I opened my eyes to see the two twins lying face down in the dirt. Hugh was kneeling behind them in the snow and looking at them. His face was confused, as if he was searching for a word. Blood appeared at his shoulder. He looked down and watched it spread through his shirt. Behind him stood Ellie. Her eyes were wide and her mouth was clamped shut. There was a fine spray of blood across her pale face. She held her arms diagonally out from her sides, her fingers stiff and open so that the skin stretched tight around their bones. She stared down at her sons and her husband and breathed a few shuddering breaths. Then, with her arms still held out, she spun around on her heels and faced Gloria, who was stood by the house, looking back at her down the barrel of her still smoking gun. Sofia was upright in the sling around her mother’s chest with her arms and legs sticking out in a star. She was looking at the pigs, still squealing and snuffling in their pen. I swear she gave a chuckle.

Ellie seemed to tense up even more so that she was nothing but a taut string of bone and muscle. A low noise rumbled in her throat and she began to run across the yard towards Gloria, arms outstretched into pincers. The noise rose into a piercing howl of rage that was silenced instantly by a third blast from Gloria’s gun. Ellie’s head snapped back, as if by some invisible leash around her throat that had reached its limit.  She lay still as the snow grew red around her. The pigs seemed to quieten at this. Hugh had held his hand to his wound. He turned, still wobbling in confusion on his knees, squinting as he looked back over his shoulder. Gloria walked past Ellie and stood over him.

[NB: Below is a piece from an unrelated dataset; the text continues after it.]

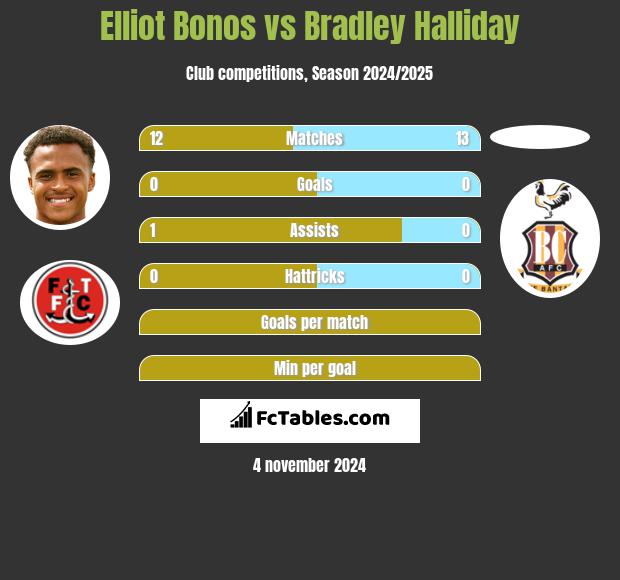 Elliot Bonos vs Bradley Halliday h2h player stats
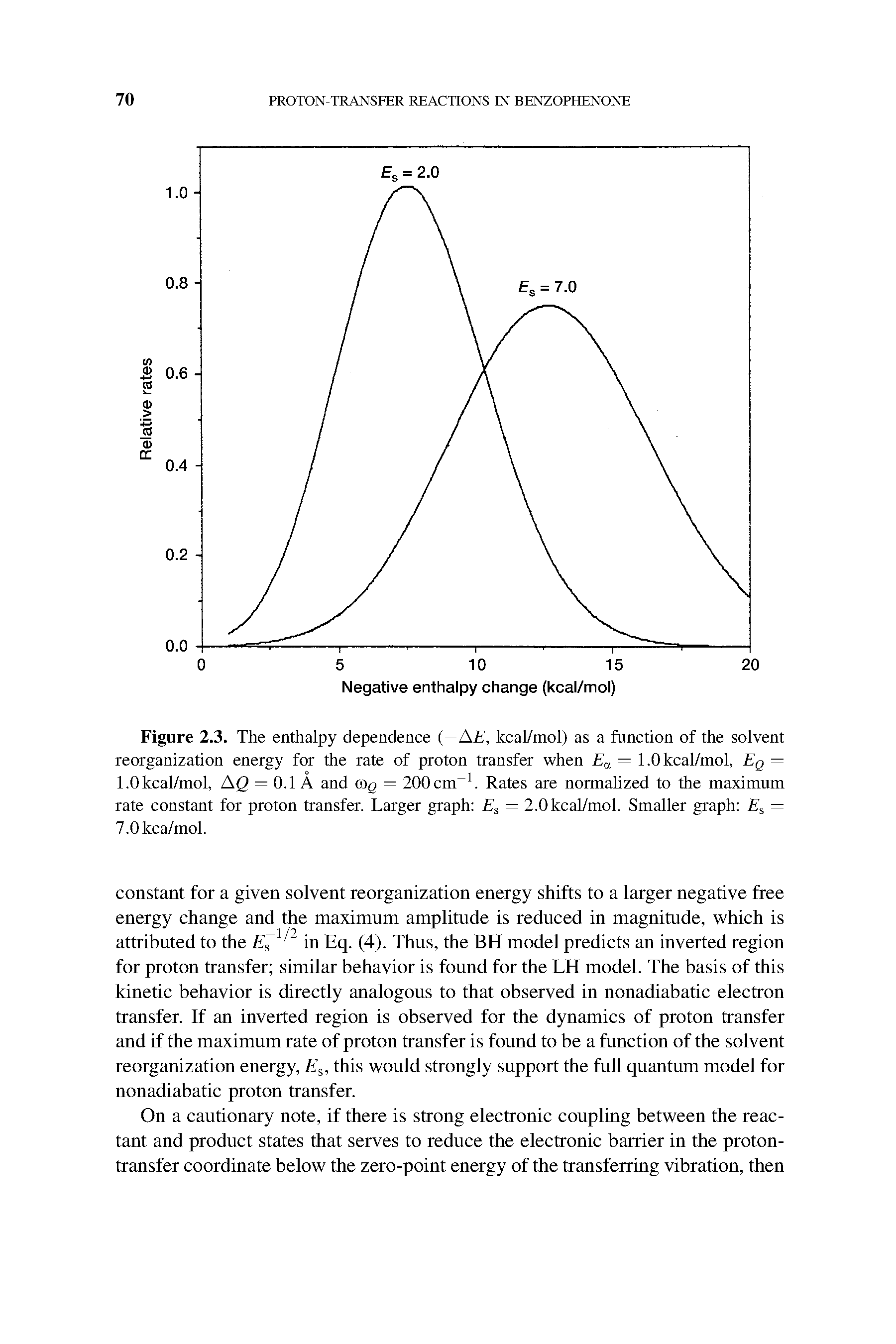 Figure 2.3. The enthalpy dependence (—AE, kcal/mol) as a function of the solvent reorganization energy for the rate of proton transfer when Ea — 1.0 kcal/mol, Eq = 1.0 kcal/mol, AQ — 0.1 A and Gig = 200 cm-1. Rates are normalized to the maximum rate constant for proton transfer. Larger graph Es = 2.0 kcal/mol. Smaller graph Es = 7.0kca/mol.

“Hello Gloria,” he said. Sofia gurgled at the snowflakes gently parachuting around her. “And hello…”

“Don’t look at her,” said Gloria. She planted a boot in Hugh’s side, knocking him to the ground.
 

“Easy there,” he laughed. He reeled on his back, then steadily pushed himself up to a sitting position. He sighed and smiled. She raised the gun and looked back at him down the barrel. Hugh looked across at us, still standing dumbly in our line.

“Made a friend, did you?” he said. “That’s interesting.” He coughed and gripped his shoulder tighter. Blood was streaming faster through his fingers and making a red river of his forearm. “Very interesting.” He looked back at us as if he’d suddenly thought of a joke. “Strong survive, eh?” he said, nodding at Gloria. He laughed again, then coughed again, then became quiet.

“So what now,” he said. “What now Gloria? Shoot me and take my truck?”

“I don’t need your truck,” said Gloria.

“Let them have it then?” he said. He looked back at us. “You really did make friends, didn’t you?” This seemed to amuse him and he started to chuckle. Gloria put her boot on his shoulder and pushed him back into the snow. His laughter became a coughing fit as he struggled against her weight. She pressed her heel down on him until he gave up, rested back, looked up at her with cold eyes. He began to sing softly.